Trunk-based development: why most modern teams converged here

Lesson 49 introduced the three branching strategies that account for almost all professional practice. Gitflow with its formal release branches, GitHub flow with its short-lived feature branches, and trunk-based development where everyone commits straight to main and in-progress work hides behind feature flags. The lesson noted that trunk-based is the pattern most modern teams converge on as they grow, and it is the pattern Google, Facebook, and Microsoft publicly run at the largest scales. This lesson explains why.

The argument is not that trunk-based is universally correct. It has prerequisites. It needs feature flags. It needs strong CI. It demands a cultural shift in how developers think about “ready”. The point is that once the prerequisites exist, trunk-based is unusually well-aligned with how software actually gets built at speed, and the alternatives start to feel like overhead rather than safety. Understanding the pattern in depth is also useful even if the team chooses GitHub flow, because every drift in the GitHub-flow direction (shorter branches, more feature flags, faster CI) is a drift toward trunk-based, and recognising that helps the team make incremental improvements without committing to a full migration.

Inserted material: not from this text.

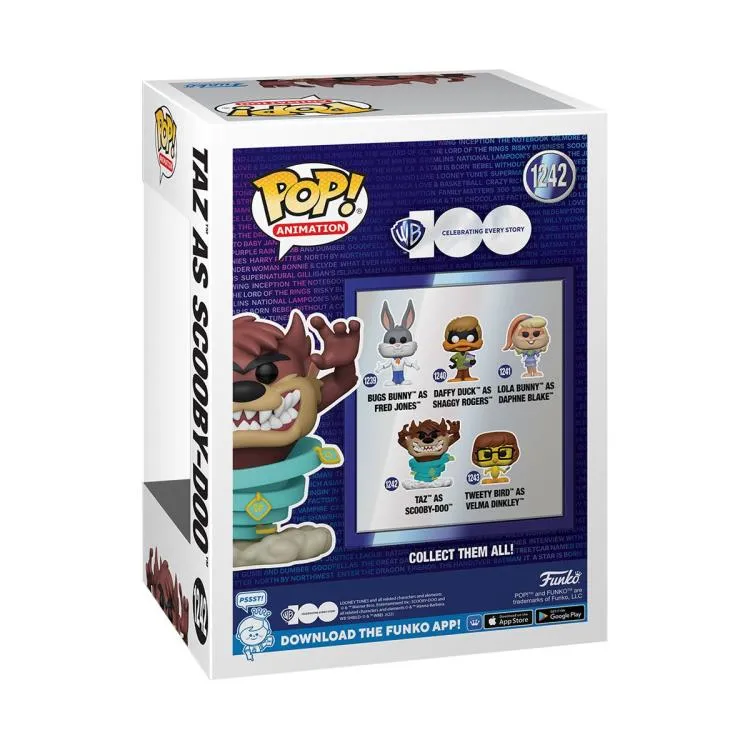 Funko POP! Warner Bros. 100th Anniversary Looney Tunes x Scooby-Doo - Taz as Scooby-Doo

The pattern in one paragraph

Every commit goes to main within hours. Branches still exist, but only for the duration of code review, and the review is on small changes (tens to a few hundred lines, not thousands). Tests run on every push and on every merge. CI is fast enough that a developer can push a change and see green within a few minutes. Code that is not yet ready for users to see is still on main, but it is wrapped in a feature flag: a runtime switch that controls whether the code path executes. The flag stays off until the feature is finished, tested, and ready to release. Then the flag turns on, in production, often gradually. Releasing becomes flipping a flag, not deploying a build.

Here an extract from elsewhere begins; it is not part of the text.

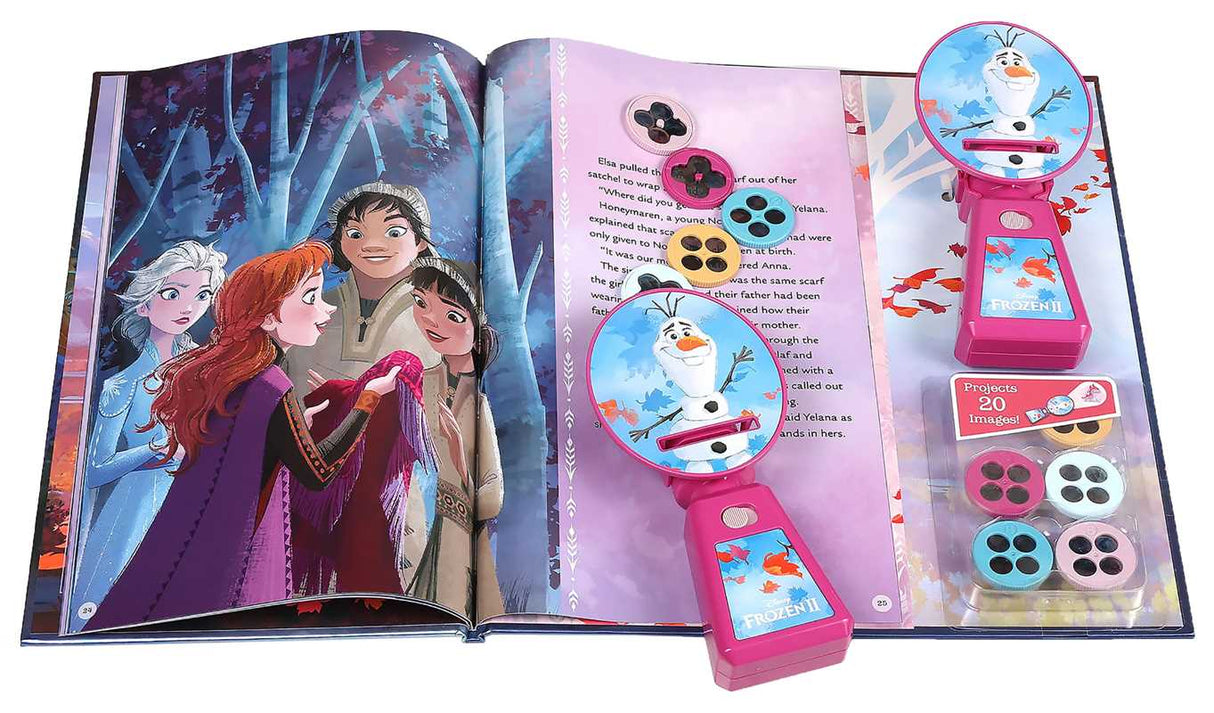 Disney Frozen 2 Movie Theater Storybook & Movie Projector by Marilyn Easton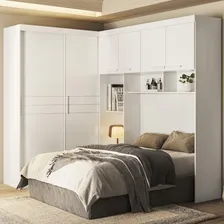 Dormitorio Modulado Casal 6 Portas Fl0270 Branco Moval Foto  mini 1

That is the whole pattern. The depth is in the prerequisites and the cultural shift.

Why large teams converged here

Three forces push organisations toward trunk-based as they grow.

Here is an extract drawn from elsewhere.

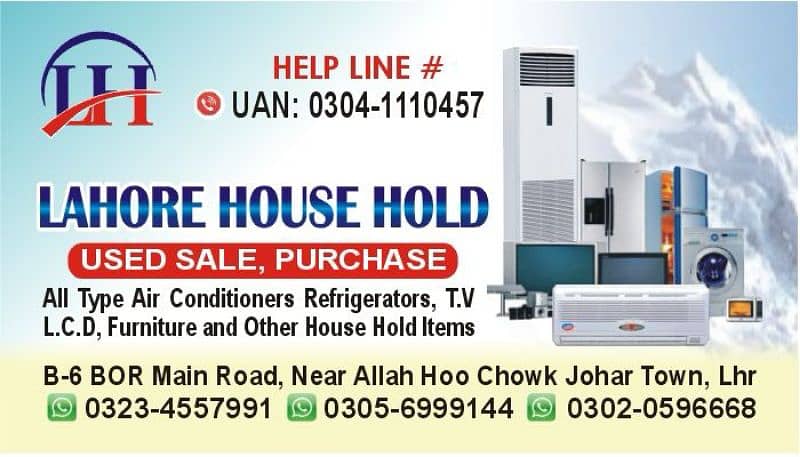 Used DC inverter Orient Kenwood Haier brand AC with warranty 6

Conflict avoidance dominates at scale. In a 200-engineer monorepo, the cost of merge conflicts is not theoretical. Two-week-old branches conflict with thousands of commits’ worth of changes, and the conflict resolution is dangerous: the developer rewriting the merge has limited context on what the other thousands of commits did. Hours-old branches barely conflict, because the surface area of changed code in a few hours is small. A team that works on hundreds of branches simultaneously, each living a week, will spend more engineering time on merge resolution than on the work itself. Hours-old branches make this cost vanish.

CI scales with commits, not branches. The throughput of a CI system is measured in builds per unit time. A team running 100 small commits to main per day is asking CI to run 100 builds, each on a small change. A team running 10 long-lived branches per day, each with weeks of accumulated work, is also asking CI to run builds, but each build is on a larger surface, takes longer, fails more often, and produces less actionable signal when it fails. Trunk-based development naturally produces the workload pattern CI is best at: many small changes, each individually tractable.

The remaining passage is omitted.